On Tuesday, Donald Trump hit a new, unhappy milestone in his time as president. For the first time, the percentage of the country that disapproves of his job performance in Gallup’s daily rating hit 60 percent.

If long-term trends continue, it won’t be the last time, either.

As historian Kevin Kruse noted on Twitter, that’s a higher disapproval rating than Gallup ever recorded for Franklin D. Roosevelt, Dwight D. Eisenhower, John F. Kennedy, Lyndon B. Johnson, Gerald R. Ford, Jimmy Carter, Ronald Reagan, Bill Clinton or Barack Obama. More on this in a second.

That said, this is not, by itself, some significant new low for Trump. Yes, Trump’s net approval rating (those who approve minus those who disapprove) is now minus-24, the lowest it has been since he took office. But basically for all of June so far, Trump has been in similar territory (as indicated by the dashed-line box). Trump is viewed pretty negatively — as he has been for almost two weeks.

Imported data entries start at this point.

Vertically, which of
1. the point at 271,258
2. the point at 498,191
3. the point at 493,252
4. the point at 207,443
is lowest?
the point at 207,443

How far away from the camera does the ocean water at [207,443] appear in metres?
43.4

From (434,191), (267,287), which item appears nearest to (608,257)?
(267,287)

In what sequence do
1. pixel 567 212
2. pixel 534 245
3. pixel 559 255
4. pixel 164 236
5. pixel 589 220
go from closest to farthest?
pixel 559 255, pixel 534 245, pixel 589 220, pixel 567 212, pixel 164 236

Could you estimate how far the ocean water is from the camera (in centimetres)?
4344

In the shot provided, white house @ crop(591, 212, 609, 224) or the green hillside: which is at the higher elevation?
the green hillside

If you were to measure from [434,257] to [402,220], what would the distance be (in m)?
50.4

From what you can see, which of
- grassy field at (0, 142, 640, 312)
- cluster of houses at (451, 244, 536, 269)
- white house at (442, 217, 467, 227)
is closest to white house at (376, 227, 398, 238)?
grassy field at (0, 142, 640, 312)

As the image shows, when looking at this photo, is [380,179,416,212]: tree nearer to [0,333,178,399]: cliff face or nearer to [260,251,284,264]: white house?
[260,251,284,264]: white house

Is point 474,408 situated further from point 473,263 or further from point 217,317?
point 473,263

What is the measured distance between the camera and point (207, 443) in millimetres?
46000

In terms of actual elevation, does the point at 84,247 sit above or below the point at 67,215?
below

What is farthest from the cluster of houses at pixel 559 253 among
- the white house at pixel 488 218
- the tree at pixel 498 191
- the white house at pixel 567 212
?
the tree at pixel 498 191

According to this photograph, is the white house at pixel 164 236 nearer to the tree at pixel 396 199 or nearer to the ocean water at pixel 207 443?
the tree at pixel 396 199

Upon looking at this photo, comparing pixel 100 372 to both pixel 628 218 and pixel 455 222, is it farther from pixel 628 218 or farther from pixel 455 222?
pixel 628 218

More alarming for the president should be his weekly approval rating.

That, too, hit a new low in numbers released by Gallup on Tuesday. Over the course of the seven days from June 5 to 11, Trump’s approval rating was 37 percent. That, too, isn’t a significant difference from the week before (when it was 38 percent), but it continues a long-term downward trend.

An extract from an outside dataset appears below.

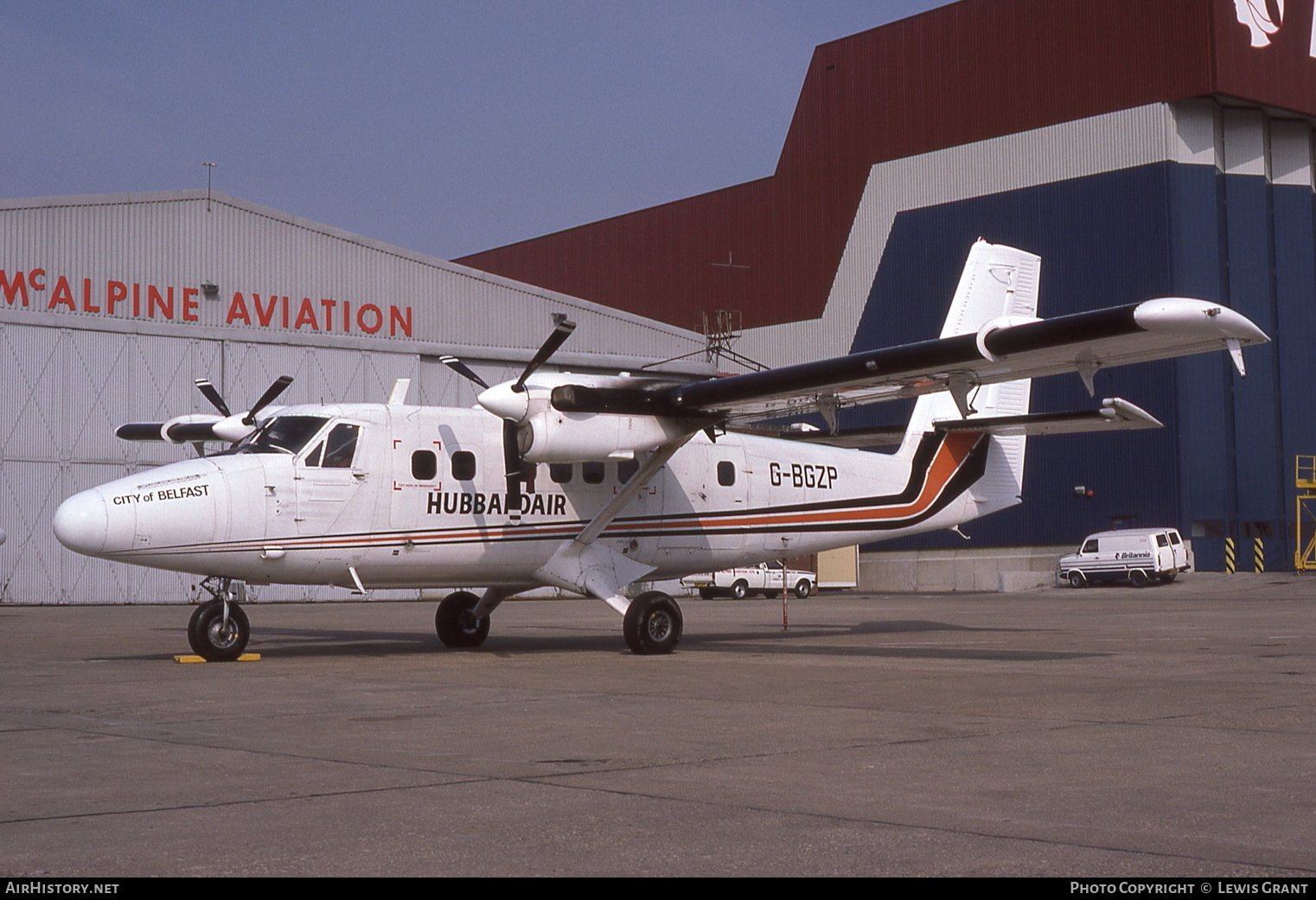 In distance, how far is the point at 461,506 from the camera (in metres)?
16.5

For four of the past five weeks, Trump’s weekly approval has been lower than Obama’s ever was.

Trump’s approval numbers have been so low (and his disapproval numbers so high) in part because he entered office at a moment when partisan polarization in presidential performance assessments was higher than at any prior point. Part of the reason Trump is viewed so negatively is that Democrats strongly disapprove of him, in a way that members of the opposing party have never before opposed a new president.

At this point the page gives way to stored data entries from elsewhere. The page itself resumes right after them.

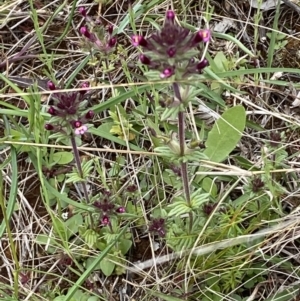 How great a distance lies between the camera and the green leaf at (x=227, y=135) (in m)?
2.79

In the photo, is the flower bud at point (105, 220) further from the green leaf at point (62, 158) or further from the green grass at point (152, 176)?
the green leaf at point (62, 158)

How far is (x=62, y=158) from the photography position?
300 cm

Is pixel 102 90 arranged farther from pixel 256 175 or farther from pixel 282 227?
pixel 282 227

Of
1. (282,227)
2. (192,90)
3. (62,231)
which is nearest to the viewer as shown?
(192,90)

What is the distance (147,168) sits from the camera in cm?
290

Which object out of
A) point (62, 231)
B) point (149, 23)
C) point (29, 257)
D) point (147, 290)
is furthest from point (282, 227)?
point (149, 23)

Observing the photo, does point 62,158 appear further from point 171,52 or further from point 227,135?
point 171,52

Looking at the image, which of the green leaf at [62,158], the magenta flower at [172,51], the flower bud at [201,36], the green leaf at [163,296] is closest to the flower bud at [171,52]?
the magenta flower at [172,51]

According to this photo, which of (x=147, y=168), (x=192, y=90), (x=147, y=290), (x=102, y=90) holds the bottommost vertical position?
(x=147, y=290)

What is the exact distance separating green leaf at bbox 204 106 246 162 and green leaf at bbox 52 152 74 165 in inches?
27.0

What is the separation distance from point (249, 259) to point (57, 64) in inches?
59.1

But that’s not the only reason.

Most alarmingly for allies of Trump is where those declines are most significant. Since the first Gallup weekly poll, covering the tail end of January, a number of demographic groups have seen declines of at least 10 percent in their approval ratings. (Every demographic saw a drop of some measure.) Included in that number are several demographics that made up important parts of Trump’s base during the 2016 election, including those with a high school education or lower, and moderate Republicans and independents who may have reluctantly backed Trump over Hillary Clinton as the lesser of two evils.

(This week’s Gallup figure was the 20th during Trump’s tenure; the graphs above show every four weeks.)

Overall, 4 in 5 Republicans view Trump positively, which is the good news. But a drop of 10 or 11 points in approval from the groups identified above is a significant political problem for Trump and, perhaps as much, his party.

The other problem? That trend has been pretty consistently headed in one direction.